# Exercise brief
Leaving the pictures aside, return all of the data below exactly.

# Given data
-=-=-

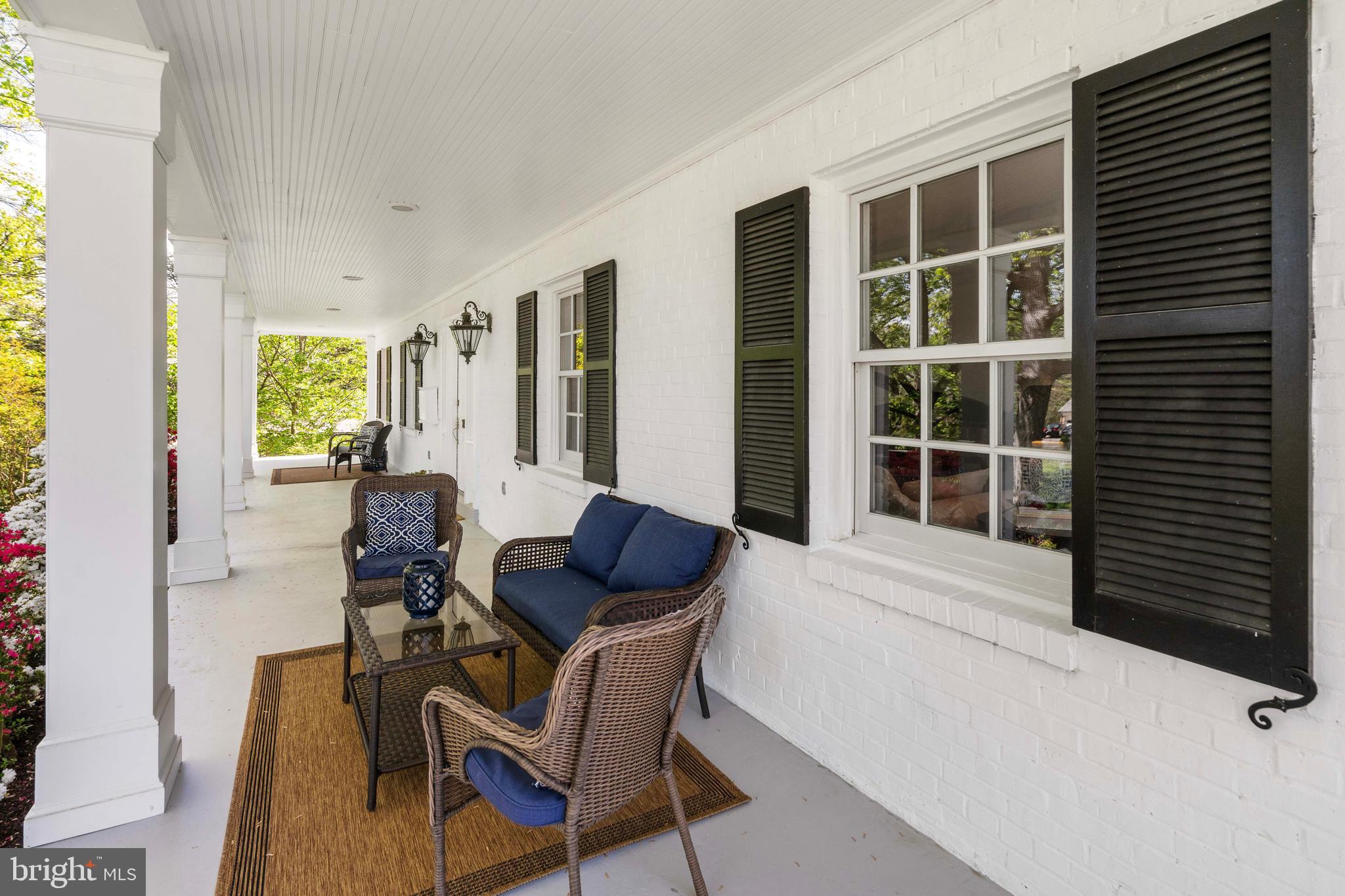 COUNTRY CLUB HILLS - Residential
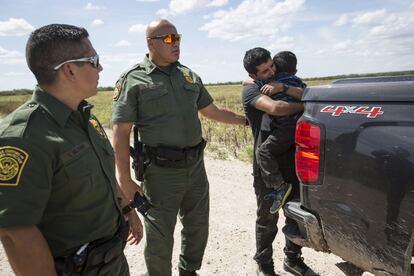 Luis Portillo, migrante hondureño sin documentos, abraza a su hijo en el momento de su detención en la frontera con México en Roma, Texas (Estados Unidos).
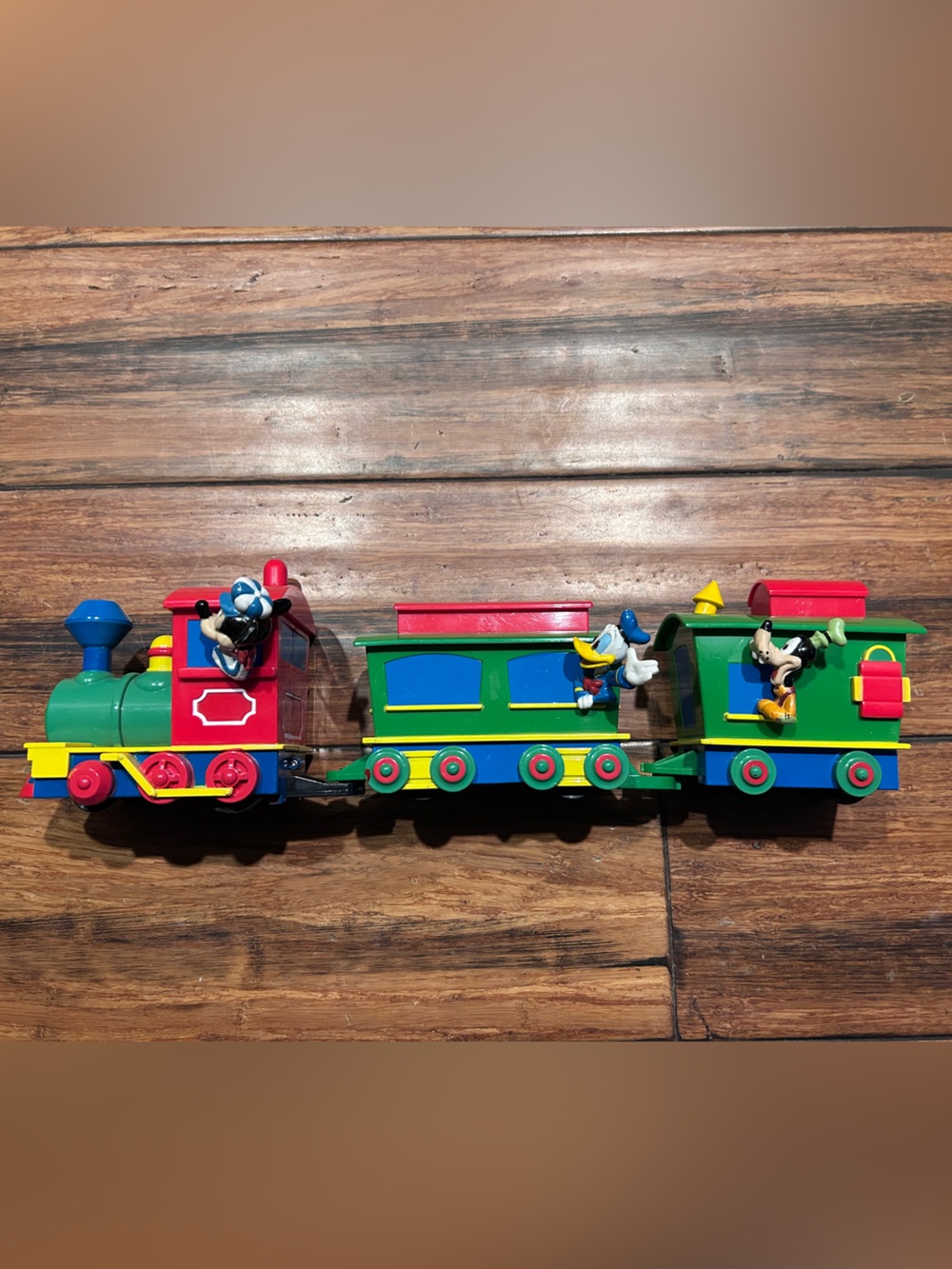 Disney Remote Control Toy Train. Mickey, Donald, Goofy.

-=-=-

# Completed task
 COUNTRY CLUB HILLS - Residential
 Luis Portillo, migrante hondureño sin documentos, abraza a su hijo en el momento de su detención en la frontera con México en Roma, Texas (Estados Unidos).
 Disney Remote Control Toy Train. Mickey, Donald, Goofy.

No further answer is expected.